Mamina Camara s’est aussi félicité du fait que le programme lui a permis de développer la météorologie maritime au Sénégal. Ce qui a un «grand impact» sur les pêcheurs du pays en ce qu’elle leur permet de disposer d’informations sur le mouvement de l’océan et des zones à risque. Bref, il estime que des résultats sont obtenus en dépit des «maigres moyens» dont le programme Bawaan dispose.

En ce qui concerne le général Pathé Seck, qui est à la tête du Comité national de coordination du programme et dont la présence est fortement décriée, Chérif Diop indique que l’ancien ministre de l’Intérieur a demandé depuis longtemps à être déchargé de cette tâche, depuis sa nomination comme Ambassadeur, il y a quelques années. Mais c’est à l’autorité de le décharger par arrêté, comme il l’avait fait en 2002, quand elle lui confiait la coordination du programme, en tant que Haut commandant de la Gendarmerie nationale.     Outre le général Seck, il faut rappeler que le comité de coordination est composé de la Direction de la météorologie nationale pour la Coordination technique.

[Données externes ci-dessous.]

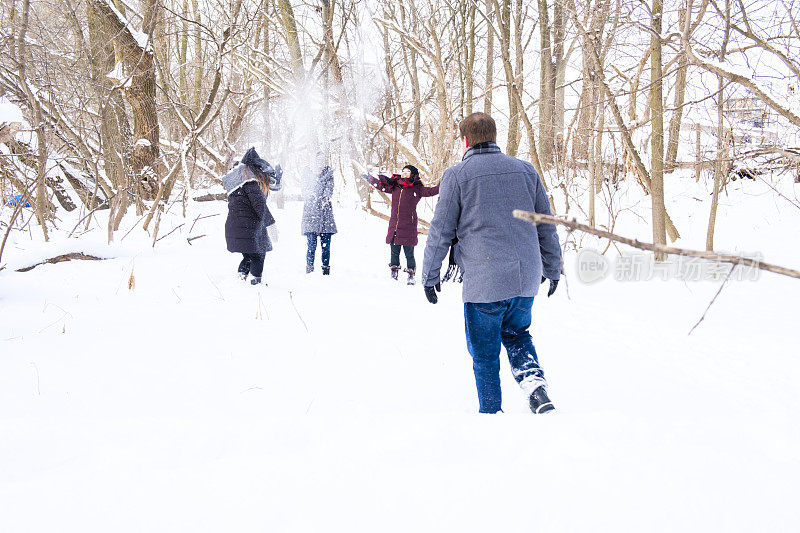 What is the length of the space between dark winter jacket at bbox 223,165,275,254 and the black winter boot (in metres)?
3.68

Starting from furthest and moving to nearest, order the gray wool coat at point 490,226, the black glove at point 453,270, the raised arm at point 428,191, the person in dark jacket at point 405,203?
the person in dark jacket at point 405,203 < the raised arm at point 428,191 < the black glove at point 453,270 < the gray wool coat at point 490,226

Une tâche qui se résume entre la préparation, l’exécution et suivi des opérations, l’évaluation et recueil des informations, les recherches en matière de physique des nuages, les rapports périodiques ainsi que les équipements techniques.   Ensuite viennent la Direction du génie rural pour les ouvrages hydro agricoles, notamment les bassins de rétention, l’Armée de l’air pour la logistique aérienne (Avions, pilotes et mécaniciens), le ministère de l’Economie et des Finances pour la mobilisation des ressources, le ministère de la Recherche scientifique, le ministère de la Communication et le Centre du suivi écologique.